The death knell for the commission came in an audit, received by council members in September, of the nonprofit foundation formed by the commission to administer the events it recruits. City Auditor Jorge Oseguera found that the foundation had diverted some of the city money for other expenses, that it had run deficits for the past five years and that it had more than $1 million in liabilities, not counting the loans.
Under the plan proposed by a task force of city and county officials and endorsed by City Manager John Shirey, the city would sign a 10-year contract with the Convention & Visitors Bureau, which would get $141,600 a year, collected from hotel room taxes, that now goes to the sports commission.
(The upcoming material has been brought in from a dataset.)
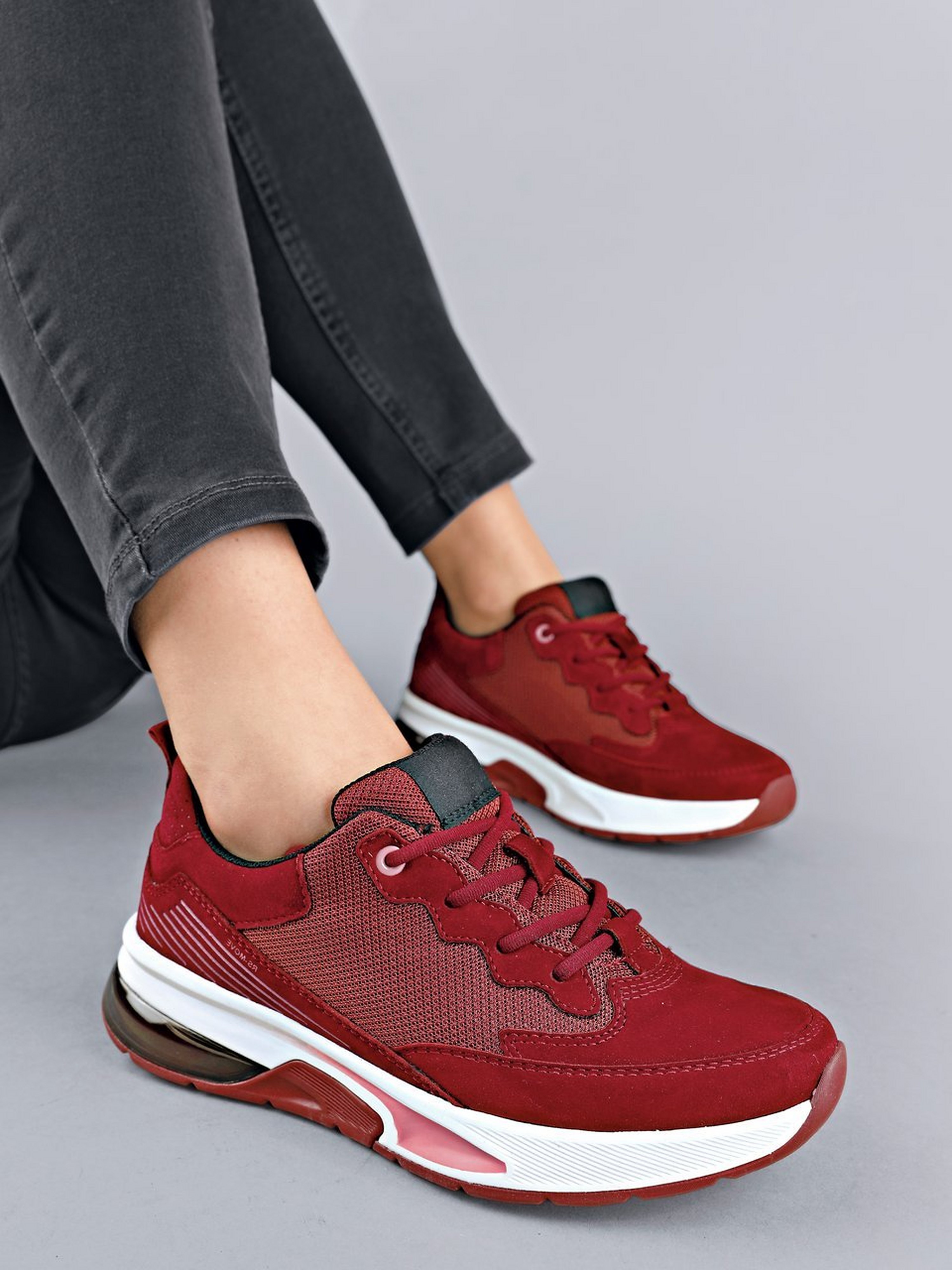 Sneaker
In return, the visitors bureau would reimburse the $400,000 owed to the city by May 1, 2017.
There would be another important benefit for the public. The visitors bureau's books on sports marketing would be more transparent; it would have to report to the city how it spent the money, unlike the sports commission.
Sacramento County supervisors are to sign off in January on the plan, which is supported by sports commission Executive Director John McCasey.
It's unfortunate that the final chapters in the commission's history will apparently be its failure to repay the loans and its failure to make it past the first round of consideration to host the NCAA men's basketball tournament in 2014 or 2015.
Yet, its earlier accomplishments shouldn't be forgotten: the Olympic track and field trials, the Amgen bike tour and several college championships a total of nearly 50 events since 1995 with an estimated economic impact of nearly $70 million.
Sacramento is still a sports city that ought to continue hosting major events. But that ambition has to be cultivated in a way that protects taxpayers and gets the most return on their investment.